▸ **PROBLEM DESCRIPTION**
Stop after the line holding "Helicopter centered above". Repeat exactly every line before it in the records below, that line too, and leave out the pictures.

Start of PROVIDED MATERIAL

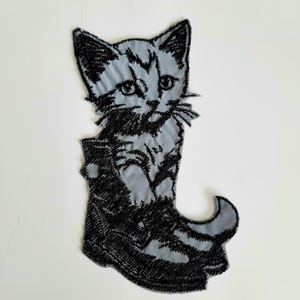 May include: A gray embroidered iron-on patch of a kitten wearing a boot. The kitten is outlined in black thread and has a black boot with a pointed toe.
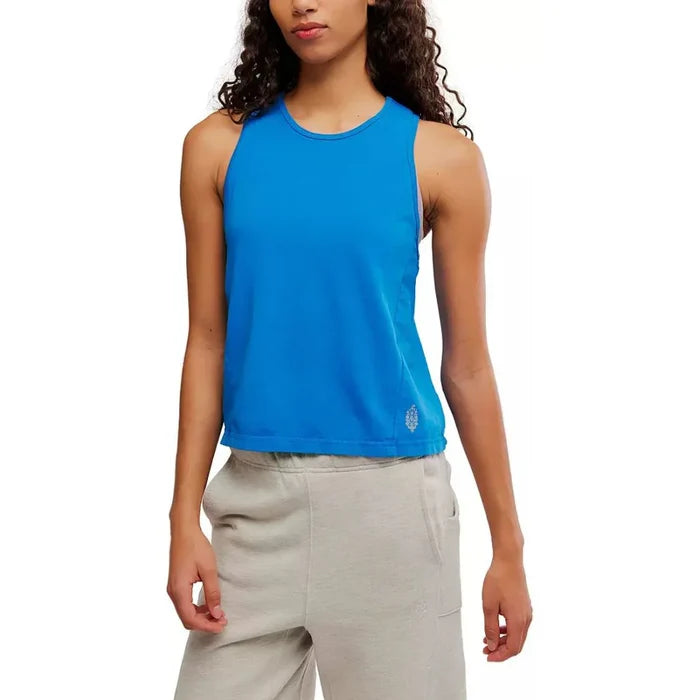 Person wearing a blue sleeveless top and beige pants on a white background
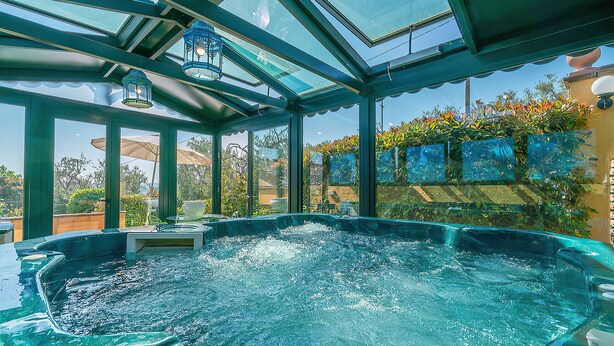 Un área con jacuzzi, envuelta en vidrio, con vistas despejadas del jardín y el cielo circundantes.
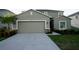 Two-story home featuring an attached two-car garage, neutral paint, and simple landscaping at 1138 Calico Pointe Cir, Groveland, FL 34736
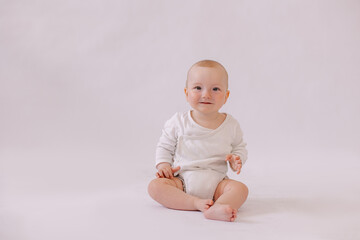 cute little kid in a white bodysuit sits on a white background. Copyspace. place for text. 8 months old boy smiling. looking at the camera. adorable child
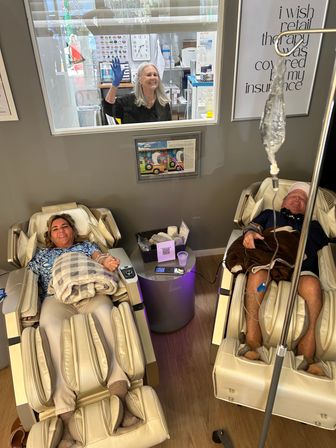 Two adults relaxing in beige massage chairs at a wellness lounge; one connected to an IV drip, both smiling under cozy blankets while a staff member waves through a service window.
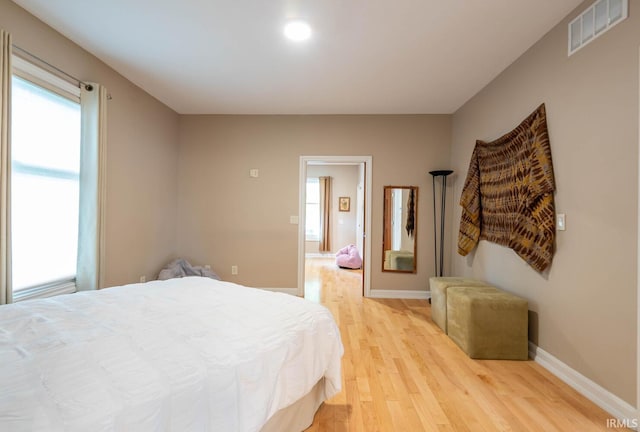 bedroom with light hardwood / wood-style flooring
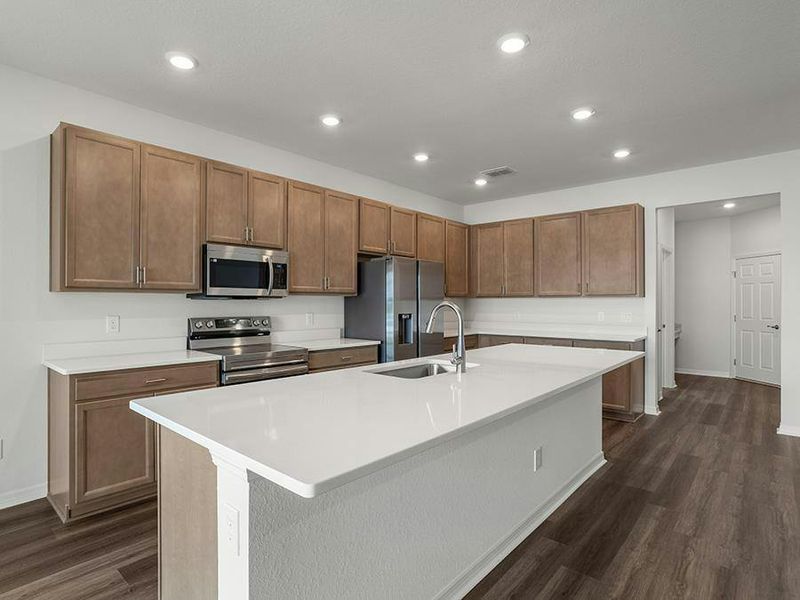 Your spacious, open kitchen includes quartz, 36-inch cabinets, Samsung SS appliances, and a walk-in pantry.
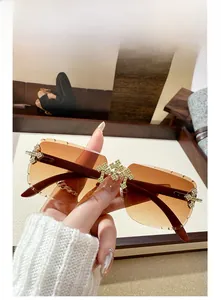 Detail of rimless square sunglasses with brown gradient lenses and crystal cross accents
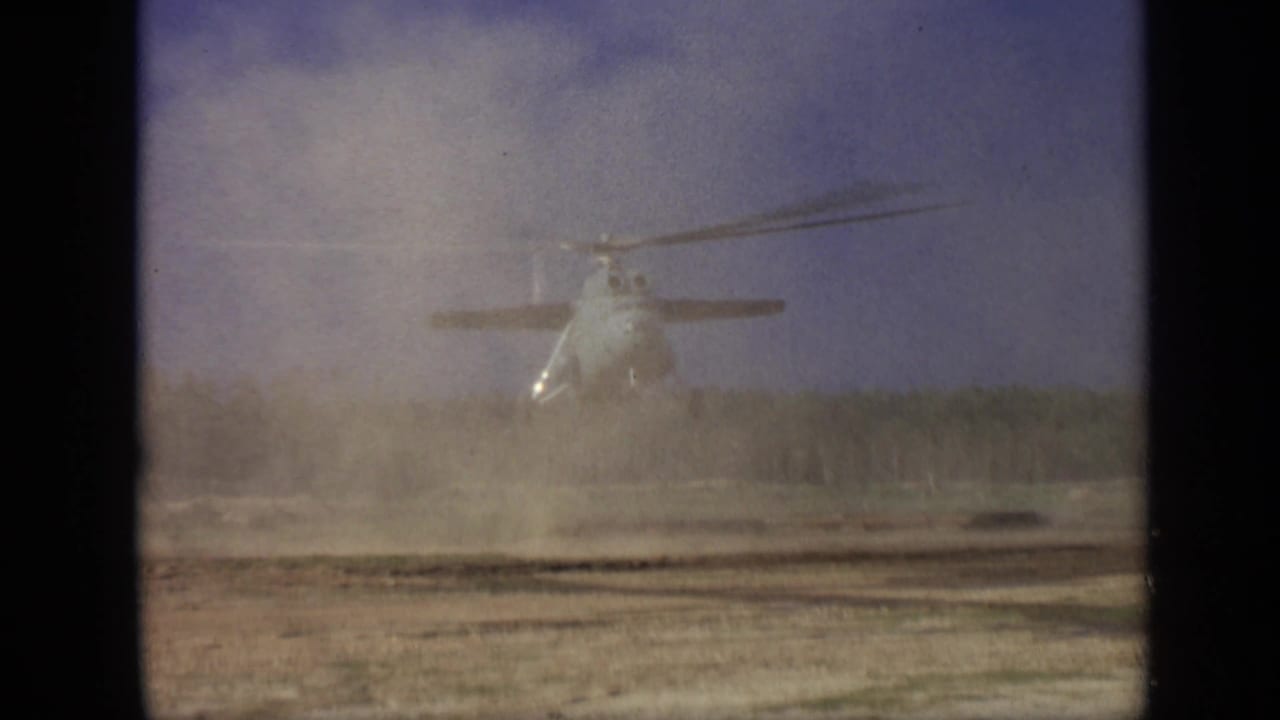Helicopter centered above a dusty field with rotor wash spreading across the ground.
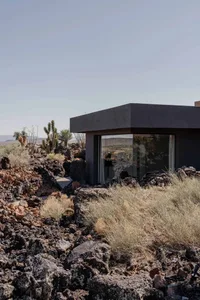 Modern concrete house with large glass windows situated among dark volcanic rocks and desert vegetation under a clear blue sky.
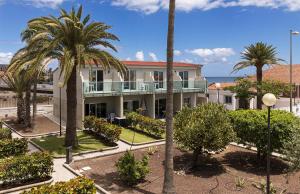 un edificio con palmeras y el océano en el fondo en Smartr Maspalomas Corinto en Playa del Inglés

End of PROVIDED MATERIAL

▸ **ANSWER TO THIS PROBLEM**
 May include: A gray embroidered iron-on patch of a kitten wearing a boot. The kitten is outlined in black thread and has a black boot with a pointed toe.
 Person wearing a blue sleeveless top and beige pants on a white background
 Un área con jacuzzi, envuelta en vidrio, con vistas despejadas del jardín y el cielo circundantes.
 Two-story home featuring an attached two-car garage, neutral paint, and simple landscaping at 1138 Calico Pointe Cir, Groveland, FL 34736
 cute little kid in a white bodysuit sits on a white background. Copyspace. place for text. 8 months old boy smiling. looking at the camera. adorable child
 Two adults relaxing in beige massage chairs at a wellness lounge; one connected to an IV drip, both smiling under cozy blankets while a staff member waves through a service window.
 bedroom with light hardwood / wood-style flooring
 Your spacious, open kitchen includes quartz, 36-inch cabinets, Samsung SS appliances, and a walk-in pantry.
 Detail of rimless square sunglasses with brown gradient lenses and crystal cross accents
Helicopter centered above a dusty field with rotor wash spreading across the ground.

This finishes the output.